One specific change proposed by Merkel’s controversial shadow Finance Minister, Paul Kirchhof, would drop Germany’s complicated income tax system in favor of a flat 25% tax. Given the reaction to such proposals in American, one can imagine the responses this proposal has received here, from enthusiastic approval by the free-market-oriented FDP (motto: “as much government as needed, as little government as possible!”) and strident opposition from the formerly-Communist Left Party.
Interesting side stories abound in the election. For example, will left-leaning women vote against their party to support Merkel, the first women ever to be a major candidate for Chancellor in Germany? How comfortable will the traditionally conservative and Catholic CDU/CSU be if they are lead by a coalition with FDP since Merkel is a divorced Protestant woman, and the leader of the FDP, Guido Westerwelle, is gay?
As an American expatriate living temporarily in Germany, I found watching the process to be interesting. The election cycle here is much shorter than it is in the U.S., so there seems to be much less time for fund-raising and mud-slinging here than in the U.S. I’ve seen only a few TV commercials, and none of them have been attack ads like we saw last year in Bush-Kerry. The primary means of promoting candidates seem to be setting up tables and tents in public spaces and posters. Often, there are posters on every tree or lamppost for a block, and sometimes there are huge billboards.
I also watched the second and final debate a couple days ago with a few Germans. Instead of simply pairing Schröder and Merkel, this debate also included the leaders of their respective potential coalition partners. My German isn’t good enough to have understood it all, but they talked a lot about the economy, immigration, and Iraq. The candidates all made points that made my hosts nod in agreement or hoot in laughter. More importantly, the candidates answered the questions they were asked and often talked directly to each other.

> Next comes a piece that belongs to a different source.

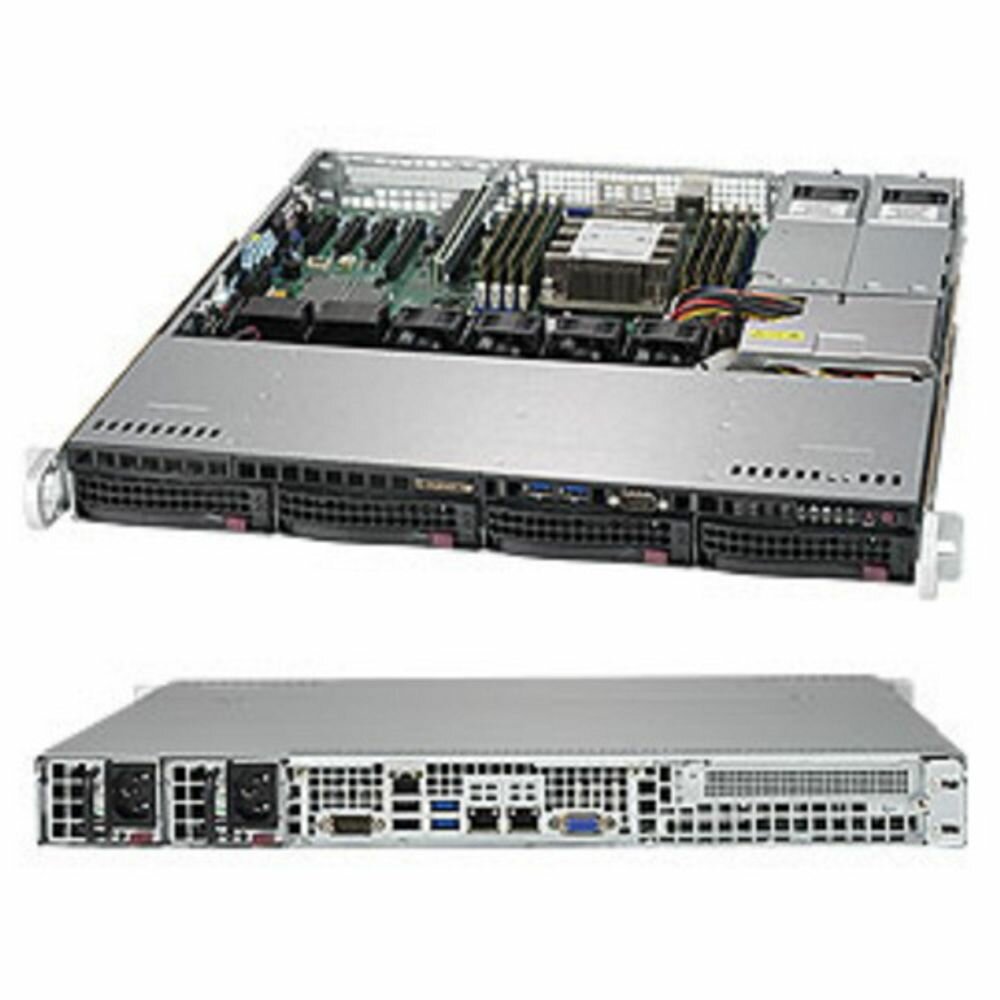 Сервер Supermicro SuperServer 5019P-MTR без процессора/без ОЗУ/без накопителей/количество отсеков 3.5" hot swap: 4/2 x 400 Вт/LAN 10 Гбит/c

I was jealous. I wish our debates were that useful. I also like the idea of having the election on a Sunday (when few people work) instead of on a Tuesday.
In all likelihood, the Chancellorship of Germany will change next week. Angela Merkel will be the next Chancellor of Germany, but she might be saddled with a large, ungainly, and unstable coalition that means that Germany will continue having trouble addressing its economic and foreign policy issues.